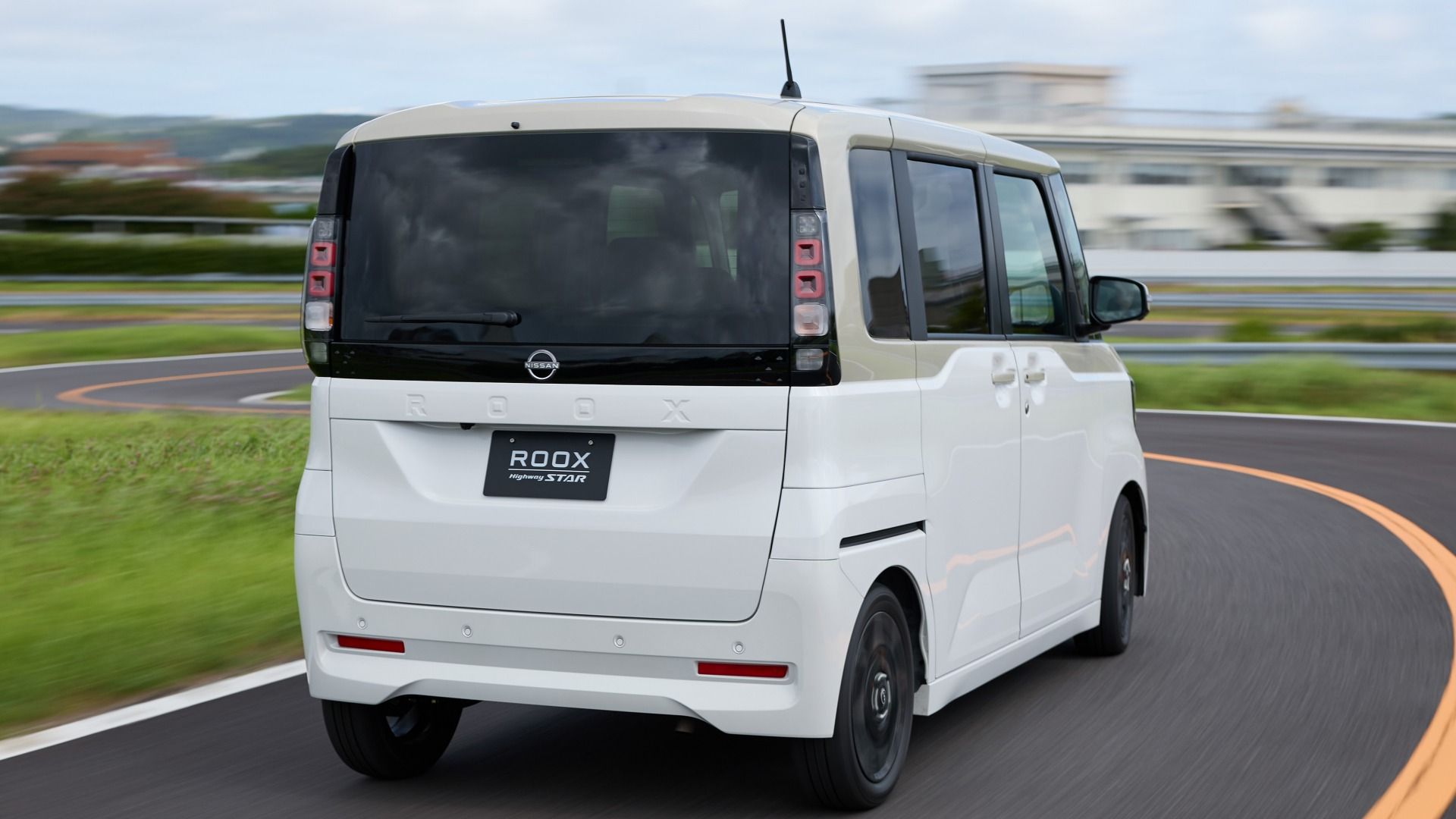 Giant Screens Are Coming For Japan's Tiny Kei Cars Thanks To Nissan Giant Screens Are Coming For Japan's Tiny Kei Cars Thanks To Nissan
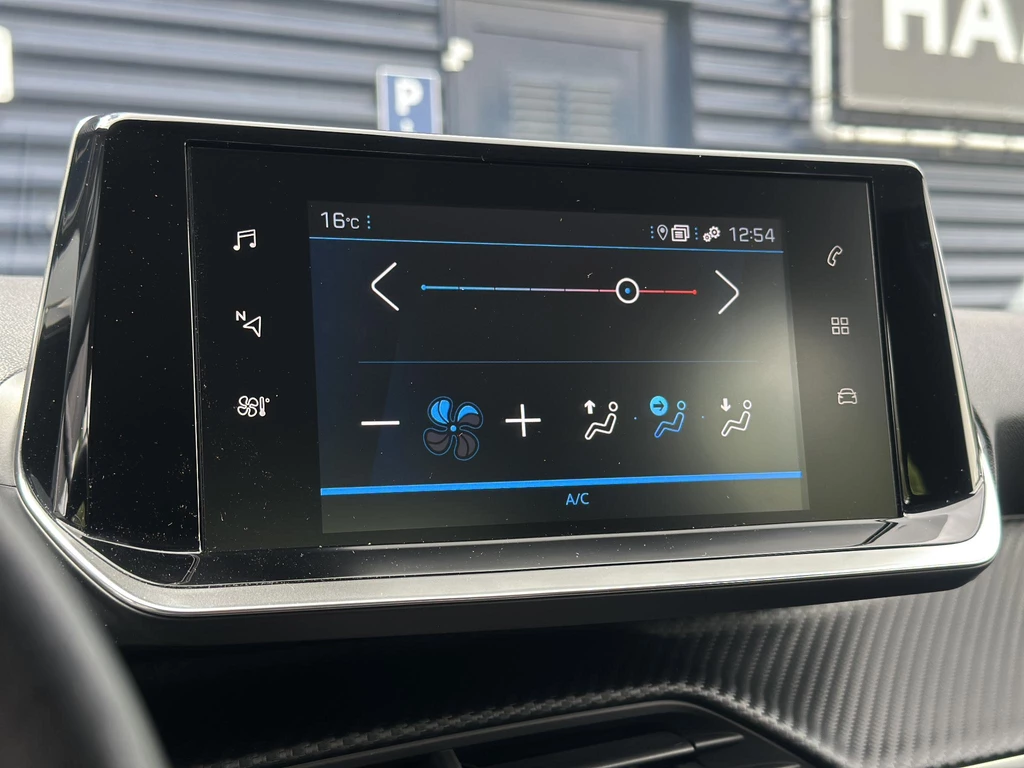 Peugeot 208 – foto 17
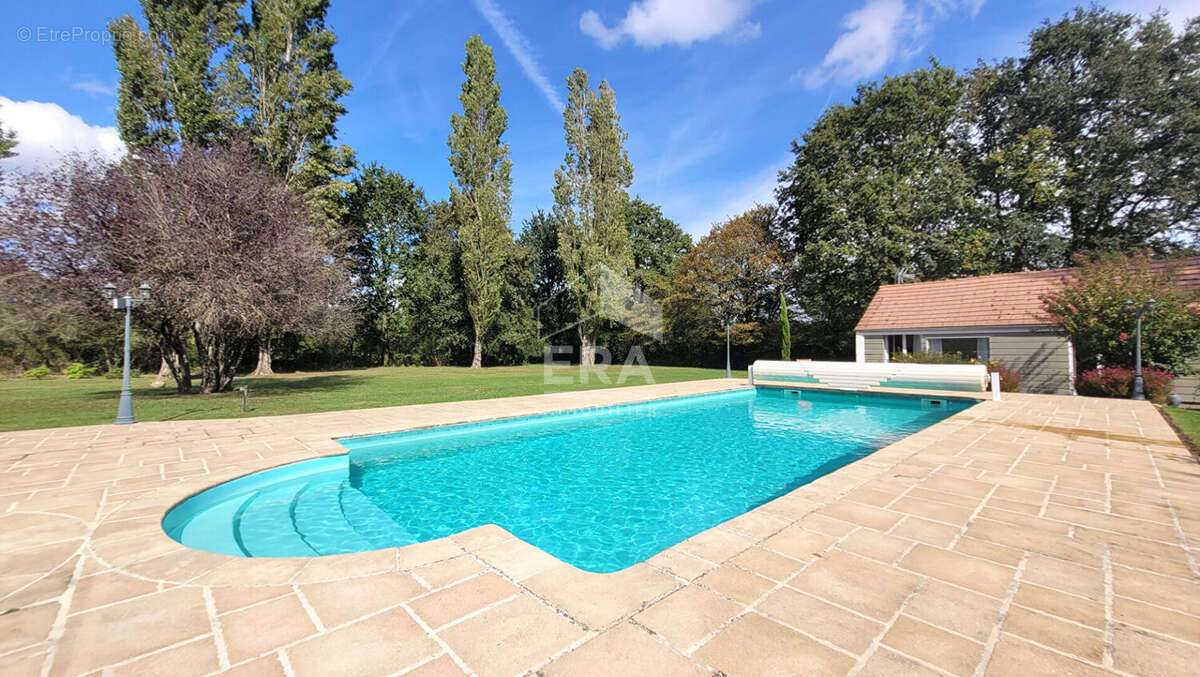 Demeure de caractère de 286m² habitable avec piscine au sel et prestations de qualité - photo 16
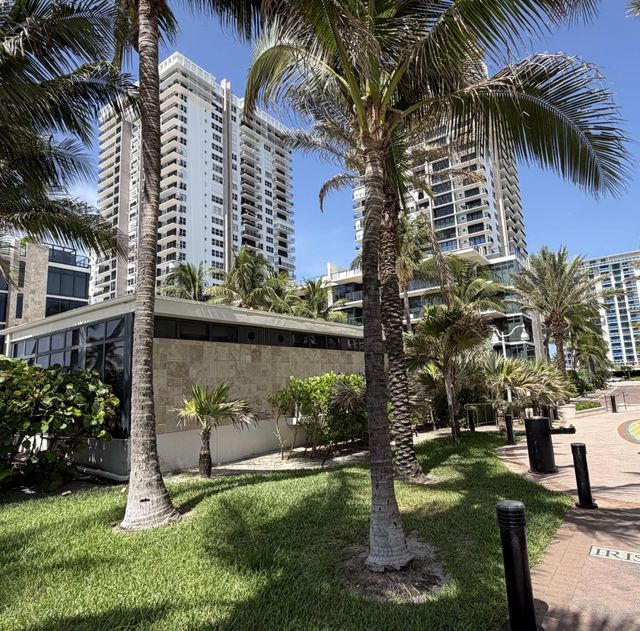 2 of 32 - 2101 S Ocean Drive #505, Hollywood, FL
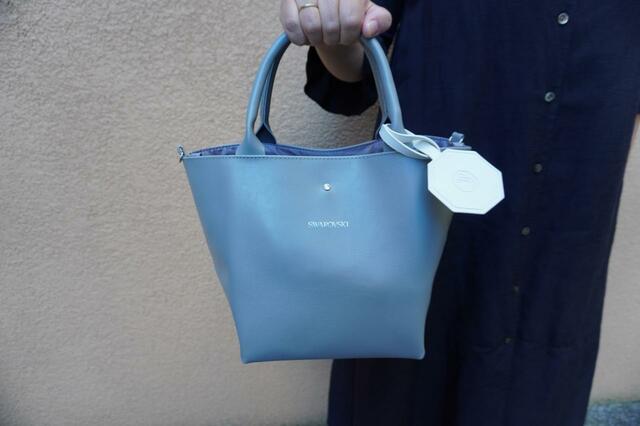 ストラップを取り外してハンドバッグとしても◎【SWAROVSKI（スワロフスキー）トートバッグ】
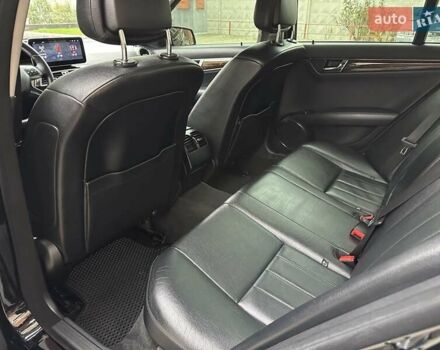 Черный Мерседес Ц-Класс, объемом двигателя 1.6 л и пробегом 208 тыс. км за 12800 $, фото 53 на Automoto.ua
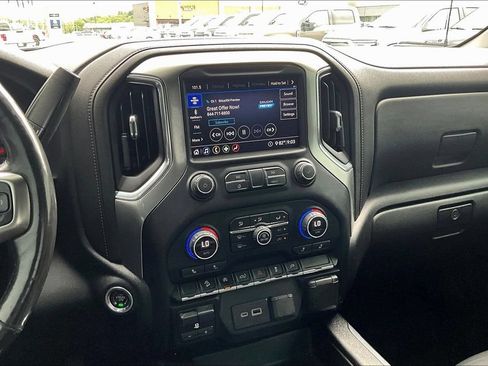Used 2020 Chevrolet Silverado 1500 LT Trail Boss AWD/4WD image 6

◇ ◇ ◇

**INSTRUCTIONS TO FOLLOW**
The reply should hold an exact repeat of the entries from their opening line through the line with "2 of 32 - 2101", and no pictures at all.

**SOLUTION FOR THIS PROBLEM**
 Giant Screens Are Coming For Japan's Tiny Kei Cars Thanks To Nissan Giant Screens Are Coming For Japan's Tiny Kei Cars Thanks To Nissan
 Peugeot 208 – foto 17
 Demeure de caractère de 286m² habitable avec piscine au sel et prestations de qualité - photo 16
 2 of 32 - 2101 S Ocean Drive #505, Hollywood, FL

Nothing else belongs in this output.